2.4.3. Surface Tension of Aqueous Solution

The surface tension of deionized water and urea solution was tested using the ring tear-off method. A Force Tensiometer (K100, KRÜSS GmbH, Hamburg, Germany) was employed to perform the surface tension tests.

2.4.4. UCS of Hardened GBM Specimen

The Chinese standard GB/T 50081-2019 was adopted to conduct the UCS test. The uniaxial compressive strength (UCS) tests were conducted on an MTS WAW-1000D electro-hydraulic servo-controlled test machine. The loading rate was set as 0.5 mm/min. The UCS values were calculated by the ratio of peak stress to the cross-sectional area of tested specimens.

3. Results and Discussion

3.1. CG Structural Transitions during Mechanical Grinding

3.1.1. Size Distribution

The particle size characteristics of CG powder ground for 0, 30, 60, 90, 120, and 180 min were first investigated. The size evolutions with grinding time are depicted in Figure 2, which indicates that mechanical grinding significantly decreases particle size. As shown in Figure 2a, a typical bimodal distribution with main ranges of 0.8–2 and 4–20 μm gradually appeared. From Figure 2b, only after grinding for 30 min, the diameter when cumulative distribution reached 90% (D90) declined from 172.2 to 16.3 μm, while the average diameter (Da) declined from 89.6 to 8.1 μm, approximately by 91%. Compared to CG ground for 30 min, the Da reduction of CG ground for 60 min decreased to 21%. With the further increase of grinding duration, the Da continued to decrease slowly by 9%, 10%, and 8% after grinding for 90, 120, and 180 min. Therefore, the refining effect on CG particle size gradually weakened with the grinding duration, especially longer than 90 min. Given the demand for reducing energy consumption, CG powder grounding for no longer than 90 min was mainly studied in a subsequent study.
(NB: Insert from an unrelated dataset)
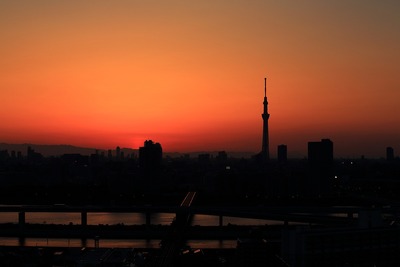 夕焼けと東京スカイツリー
The nonuniformity coefficient (Cu) and the curvature coefficient (Cc) were reported to evaluate the size uniformity and gradation. Hence, Cu and Cc evolution are further studied and displayed in Figure 2c. The continuous decrease of Cu (blue curve) from 37 to lower than 5 proved that the size distribution of CG particles obviously narrowed with grinding. For CG directly obtained via sieving without further grinding, the Cc of 6.4 indicated that it lacked particles between D10 and D30. After grinding for 30 and 60 min, CG with the Cc between 1 and 3 resulted in rather well-graded distributions. After grinding for 120, 150, and 180 min, the Cc lower than 1 implied that the CG lacked particles between D30 and D60.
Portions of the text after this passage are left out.